Darlene Hellenberg was on the dance floor when masked gunmen stormed the Contemporary Art Institute of Detroit, ordering her and other patrons to the ground.
“What’s going to happen to me? And where am I going to end up when this is all over?” she said this week, recalling the panicked thoughts that raced through her head back in 2008.
“I don’t even think at that point I knew it was police. I had no idea what was happening.”
Hellenberg was one of 130 people detained, searched and charged with loitering after non-uniformed police officers raided the art space that night. She was one of 44 people who had their cars impounded.
Her alleged crime? The 26-year-old library assistant was at “Funk Night,” a monthly dance party where, unbeknownst to her, organizers were serving alcohol without a liquor license and after 2 a.m.
“It didn’t even occur to me that I was in a place where I was doing anything wrong, other than hanging out and dancing,” said Hellenberg, who was there to see her DJ friend spin records.
The loitering charge was later dismissed, but it took Hellenberg 10 months to win back her car. Police originally said she could pay $900, plus towing and storage fees, to get it out of lockup. She eventually paid $400 and agreed to do some community service.

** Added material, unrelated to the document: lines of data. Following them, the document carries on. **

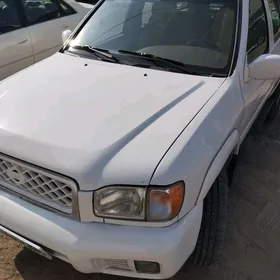 Nissan Pathfinder 2000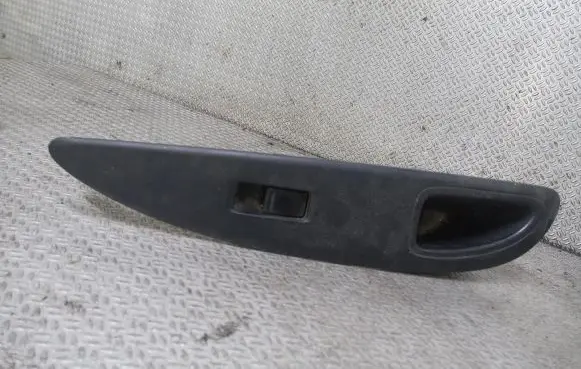 Nissan Primera Electric window control switch 80960AV660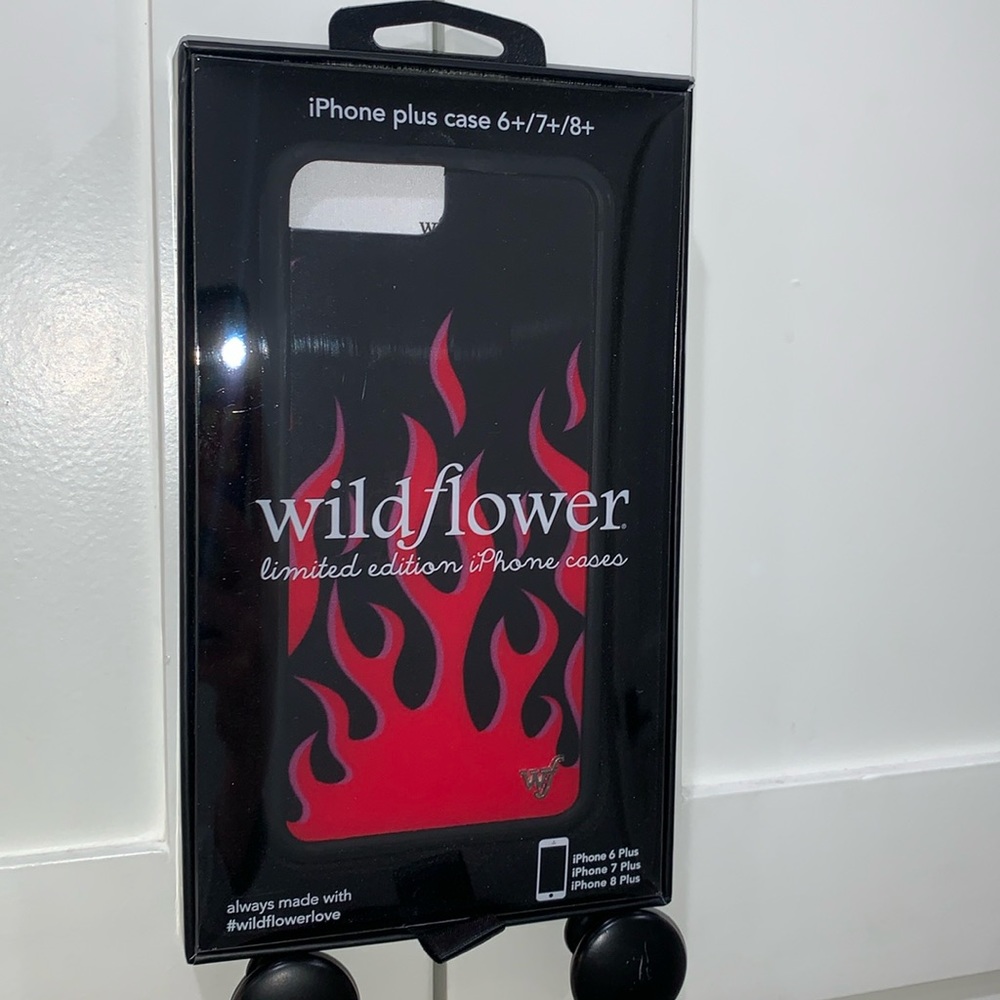 LIMITED EDITION WILDFLOWER PHONECASE for iPhone 6,7, & 8 plus. IT’S SUPER CUTE!!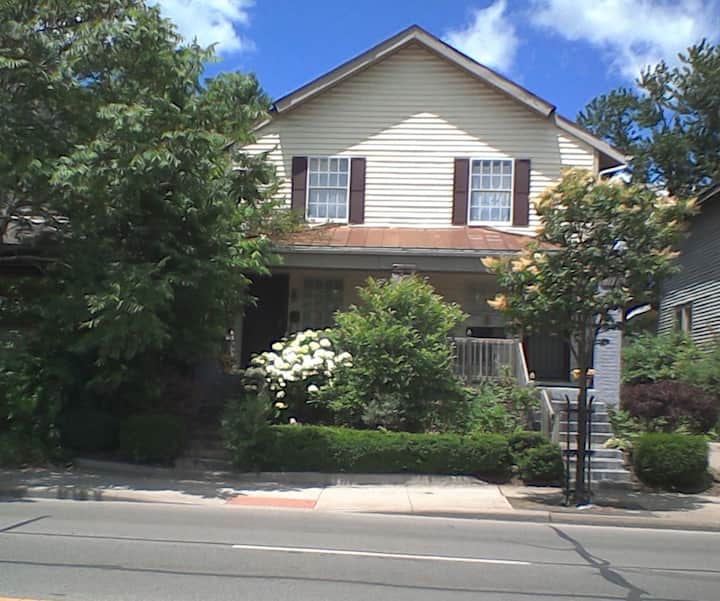 This Old Home Spacious, Comfy & Centrally Located - 오하이오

Seven years later, the now-infamous “CAID raid” remains a startling example of abuse under Michigan’s civil asset forfeiture laws, which allow police to seize property linked to an alleged crime even if the owner is never charged or convicted.
The raid, and other stories like it, have inspired a growing movement to reform those laws, an effort that is about to ramp up in Michigan over the next several months as the state Senate considers a package already approved by the House.